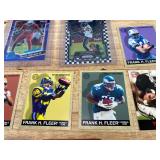 30 Assorted NFL Football Trading Cards *J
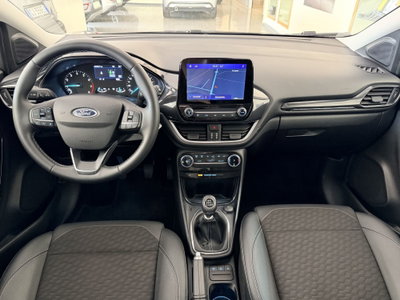 Ford Puma 1.0 EcoBoost Hybrid 125 CV S&S aut. Titanium X (15)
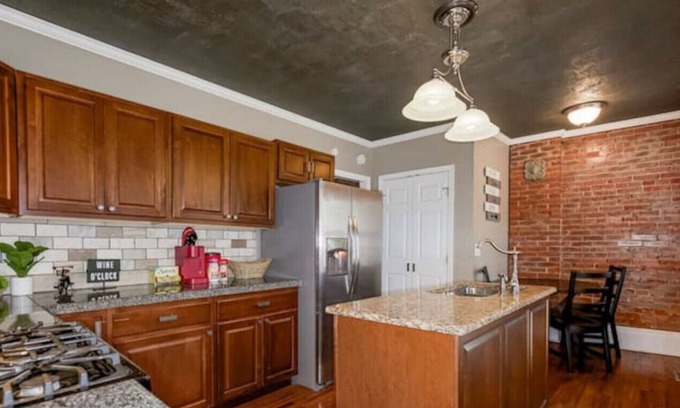 Columbus Park Other | Newest KC 1 · 17) Entire loft downtown with free parking!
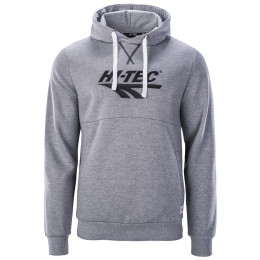 Férfi pulóver Hi-Tec Hantis Ii fekete/szürke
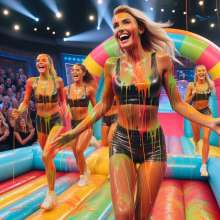 Disco Gunge: 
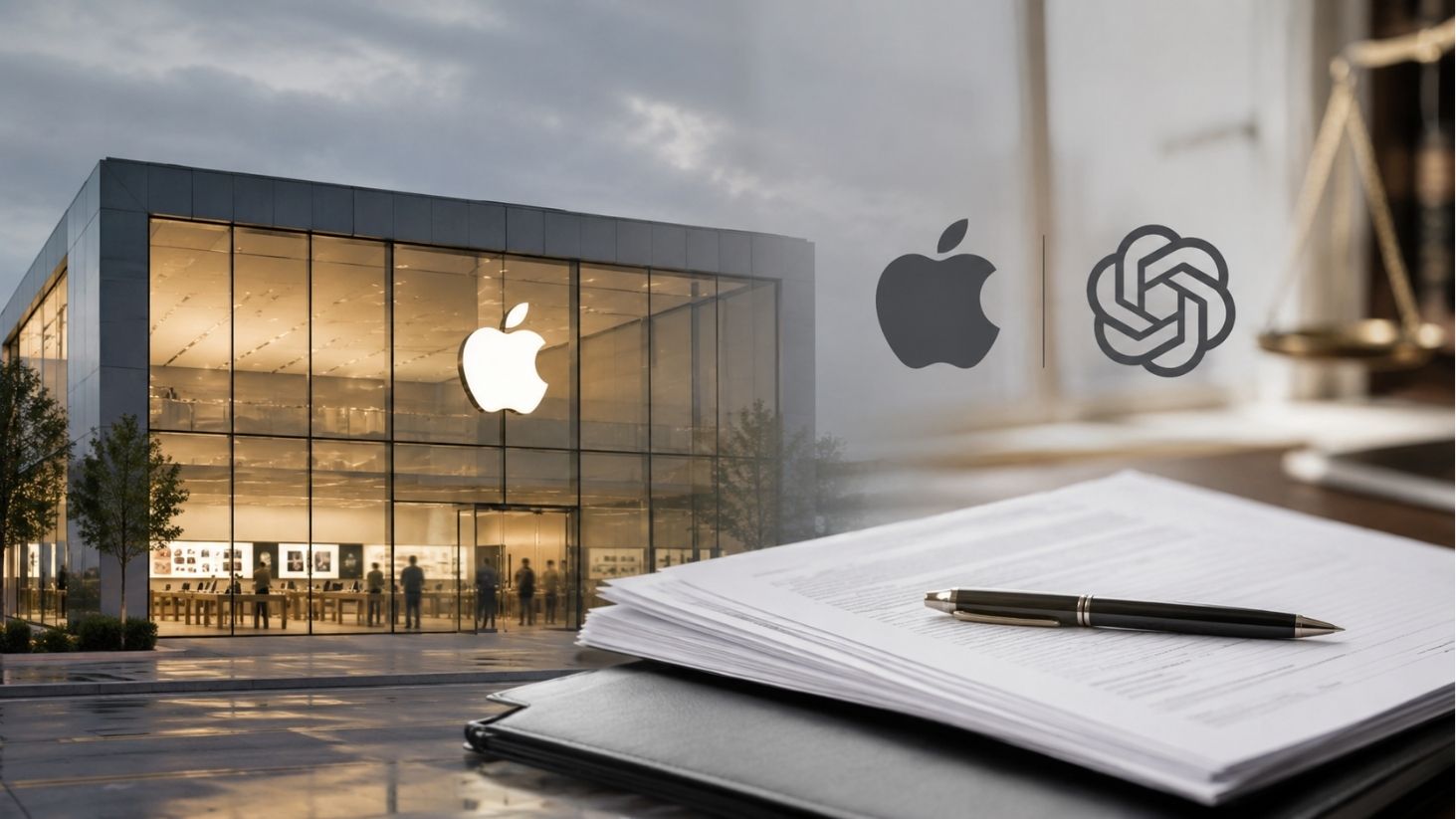 Apple vs OpenAI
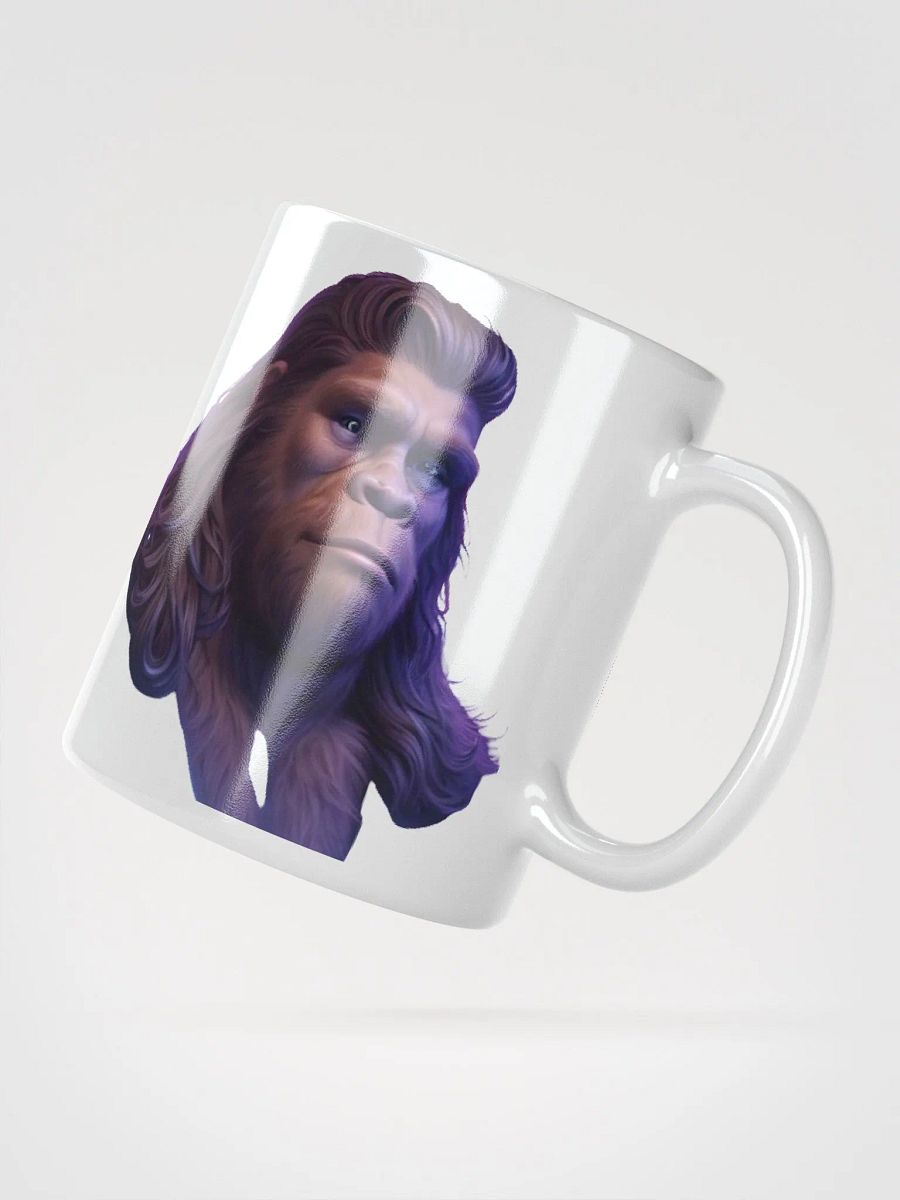 Bigfoot coffee Mug product image (2)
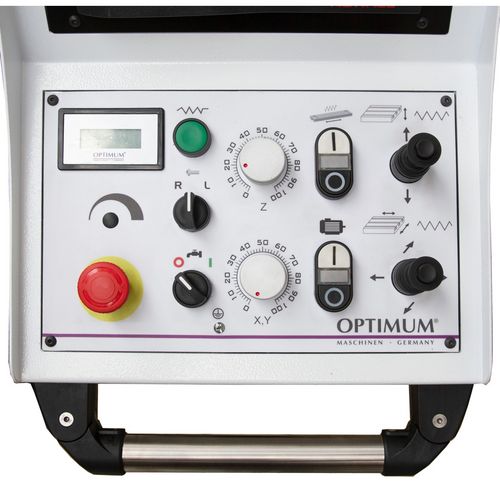 OPTImill MZ 4S Tool milling machine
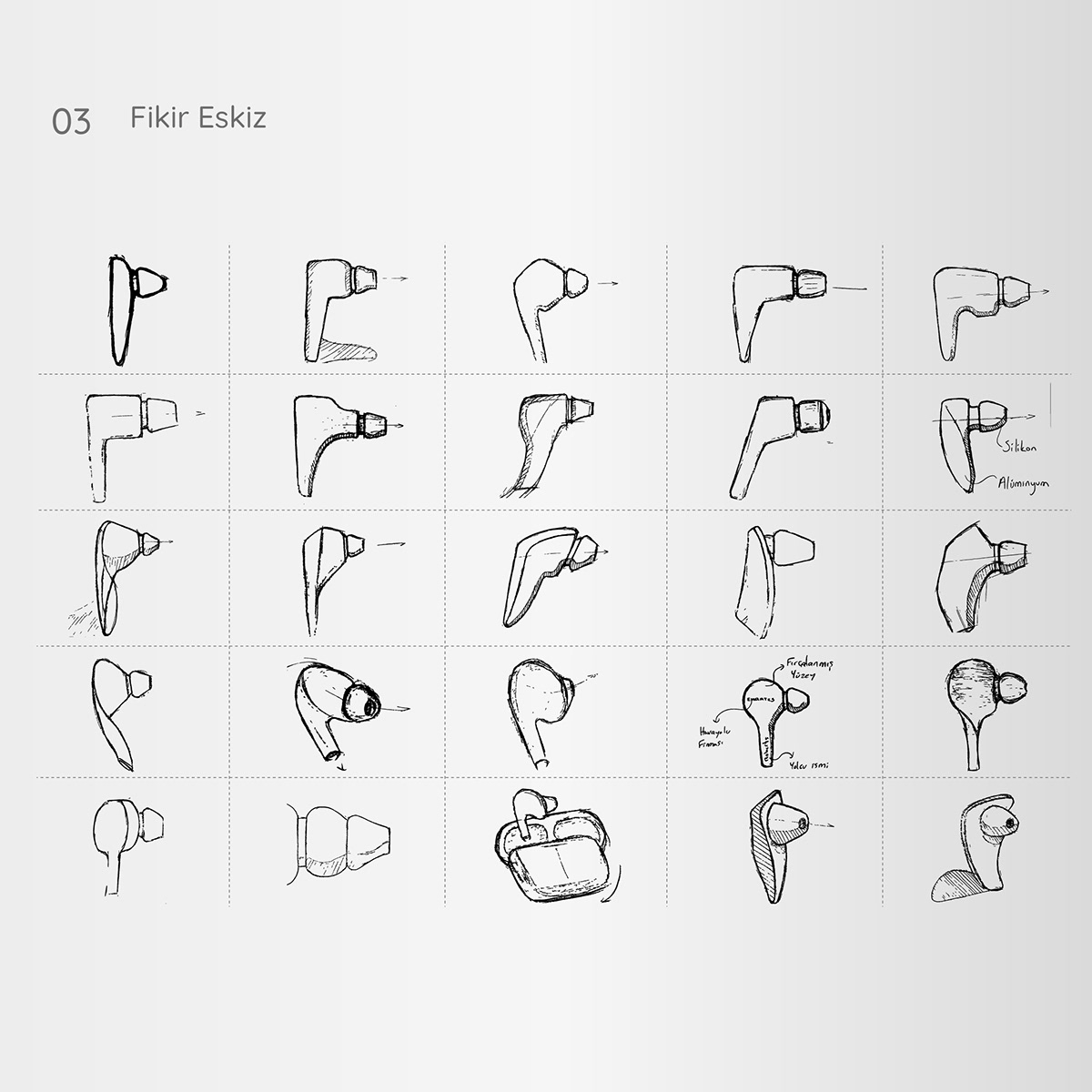 Ear Tes，Intelligent design，Airport assistant，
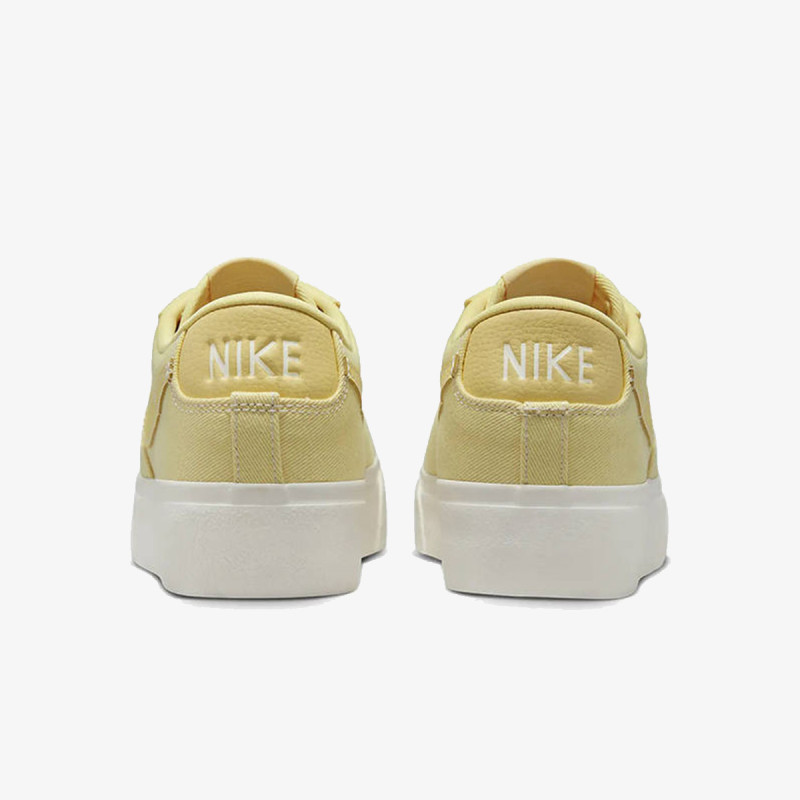 Nike Sneaker W BLAZER LOW PLATFORM CNVS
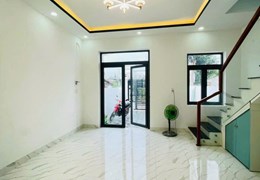 NHÀ ĐƯỜNG NGÔ CHÍ QUỐC- BÌNH CHIỂU -THỦ ĐỨC [ GIÁ 3..5 TỶ ]
50 M2 [ 5 X 10 ] 3 TẦNG - 3PN - 3 WC -
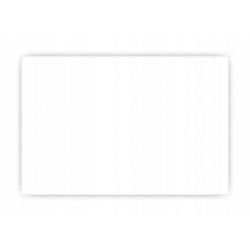 Panel szkło hartowane lacobel 80x55 cm BIAŁY PAN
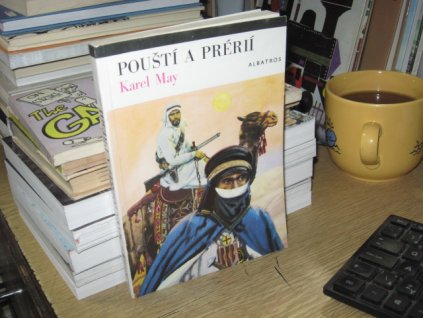 Pouští a prérií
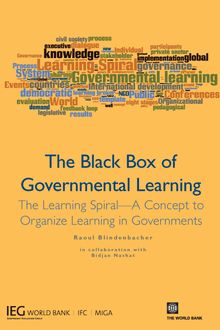 The Black Box of Governmental Learning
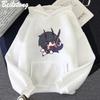 Anime Honkai Impact 3rd Hoodies Fashion Men Women Sweatshirts Casual Hooded Sports Cartoon  Autumn Winter Hoodie
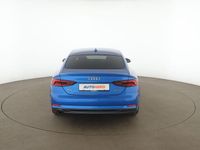 Gebraucht Audi A5 Sportback Design 2019 Blau Kleinwagen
────────────────
Copy every line above exactly; images stay out.

 30 Assorted NFL Football Trading Cards *J
 Ford Puma 1.0 EcoBoost Hybrid 125 CV S&S aut. Titanium X (15)
 Columbus Park Other | Newest KC 1 · 17) Entire loft downtown with free parking!
 Férfi pulóver Hi-Tec Hantis Ii fekete/szürke
 Disco Gunge: 
 Apple vs OpenAI
 Bigfoot coffee Mug product image (2)
 OPTImill MZ 4S Tool milling machine
 Ear Tes，Intelligent design，Airport assistant，
 Nike Sneaker W BLAZER LOW PLATFORM CNVS
 NHÀ ĐƯỜNG NGÔ CHÍ QUỐC- BÌNH CHIỂU -THỦ ĐỨC [ GIÁ 3..5 TỶ ]
50 M2 [ 5 X 10 ] 3 TẦNG - 3PN - 3 WC -
 Panel szkło hartowane lacobel 80x55 cm BIAŁY PAN
 Pouští a prérií
 The Black Box of Governmental Learning
 Anime Honkai Impact 3rd Hoodies Fashion Men Women Sweatshirts Casual Hooded Sports Cartoon  Autumn Winter Hoodie
 Gebraucht Audi A5 Sportback Design 2019 Blau Kleinwagen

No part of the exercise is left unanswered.